Next week, millions of people across the globe, including hundreds in Boston, hope to break the world record for the most people reading the same book on the same day when they read the 2005 children’s tale Llama Llama Red Pajama authored by Vermont resident Anna Dewdney.
Many of the participants in this year’s event plan to snuggle up in pajamas to fit the theme of this year’s book selection.
Boston-based nonprofit Jumpstart will host its sixth annual, international “Read for the Record” campaign on Thursday, Oct. 6, when for organizers expect to set a new record for the world's largest shared reading experience for the sixth straight year.
At the Central Library in Copley Square, Massachusetts first lady Diane Patrick will read to hundreds of youngsters at a pajama party, which will include a space that replicates the bedroom illustrated in the book, balloon llamas and red pajamas, organizers said.
The governor’s wife will be joined at the 9 a.m. event Thursday by executive producer and host of NECN’s TV Diner program Jenny Johnson, executives from local corporations, volunteers from local businesses, Jumpstart officials, preschool teachers and parents impacted by early literacy programs, according to the nonprofit’s announcement.
In the midst of setting a record, organizers say the event aims to raise awareness of the importance of early childhood literacy.
“Millions of children in low-income neighborhoods start kindergarten already 60 percent behind their wealthier peers. Research shows that most will never catch up,” the hosting nonprofit says.
Read for the Record was created in 2006 by Jumpstart, a national non-profit organization that formed in 1993 and is dedicated to providing language, literacy and social skills to preschool children from low-income communities.
Four years ago, a children's librarian signed up the North End branch to participate in the Read for the Record day. The move prompted the city’s library system to formally partner with the campaign’s organizers two years ago, according to library officials. Since then, the Central branch and a growing number of neighborhood branches have held their own gatherings.

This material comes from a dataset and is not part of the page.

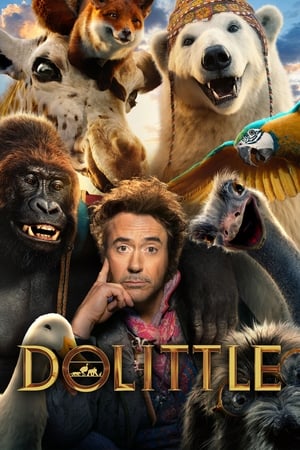 Dolittle (2020) Hindi (ORG) Dual Audio [850MB] Movie Poster
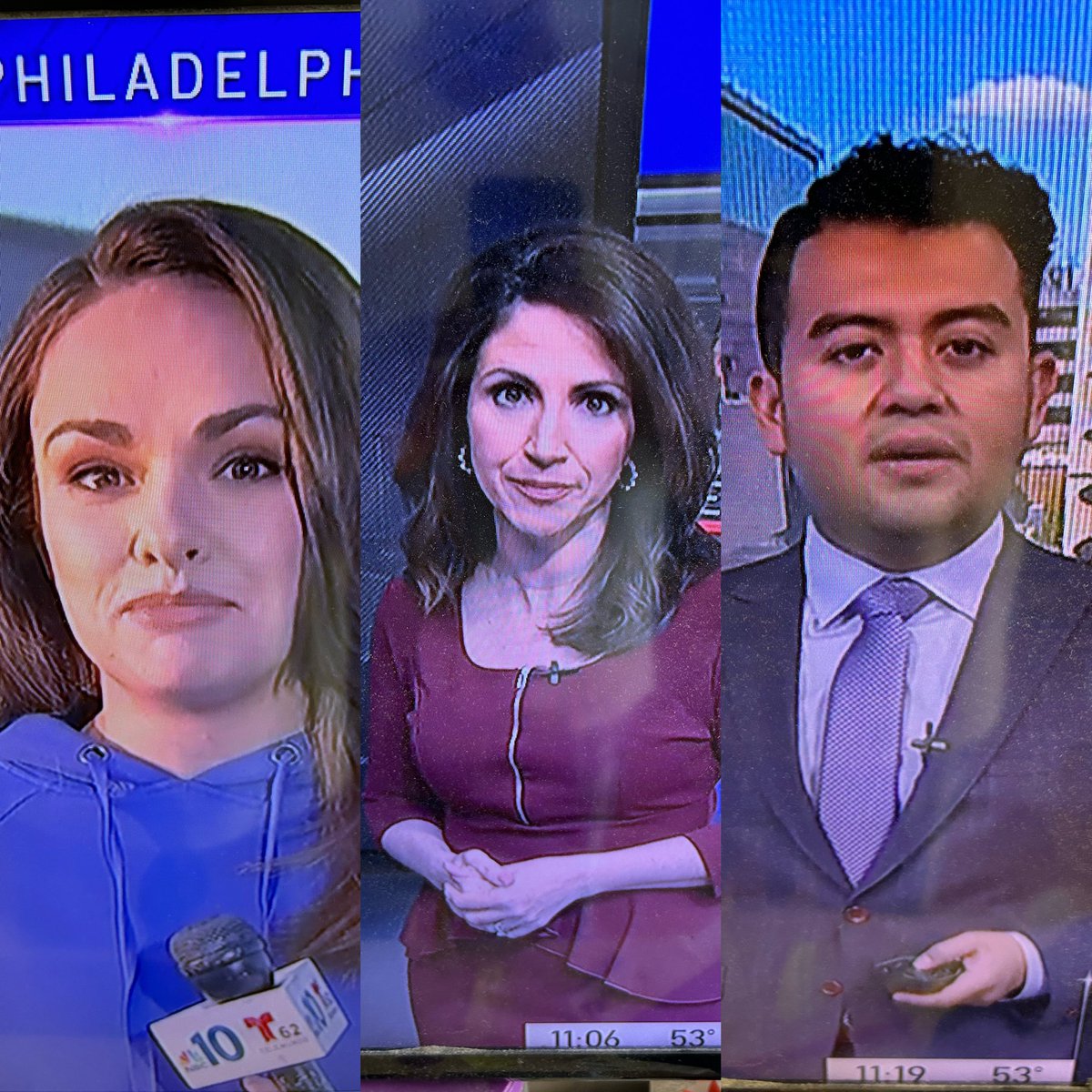 @LBustamanteNBC @BrennaWeickTV @marvingomeztv Good morning & happy earth day gang, great newscast today. Let’s for a sixers win tying the series one game a piece and phillies win at the reds in cincinnati! #ForTheLoveOfPhilly & #RingTheBell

A year ago, more than 2 million children and adults worldwide nestled around copies of Ezra Jacks Keats’ The Snowy Day to set the latest reading record formerly held each year by those who participated in the organized readings of Eric Carle’s The Very Hungry Caterpillar in 2009, Corduroy in 2008, The Story of Ferdinand four years ago, and The Little Engine That Could in 2006, according to Jumpstart.
The day-long campaign, which is officially kicked off on NBC’s Today Show, is commemorated with reading events organized by individuals, schools, libraries, government organizations and local businesses.
Celebrity guest readers will include actress and model Bridget Moynahan, who is the 2011 “Ambassador” for the Read for the Record campaign; comedian and actor Bill Cosby; young pop star Justin Bieber; actor Vince Vaughn; along with elected officials, parents, teachers, children and volunteers, the nonprofit sayd.
For the second straight year, Read for the Record participants can also read the book online, for free. Through Read for the Record sponsor the Pearson Foundation and the We Give Books initiative, every online reader will help donate books to children in need.
In its first five years, the campaign says it has reached more than 5 million children and more than 800,000 books have been donated to children in low-income neighborhoods.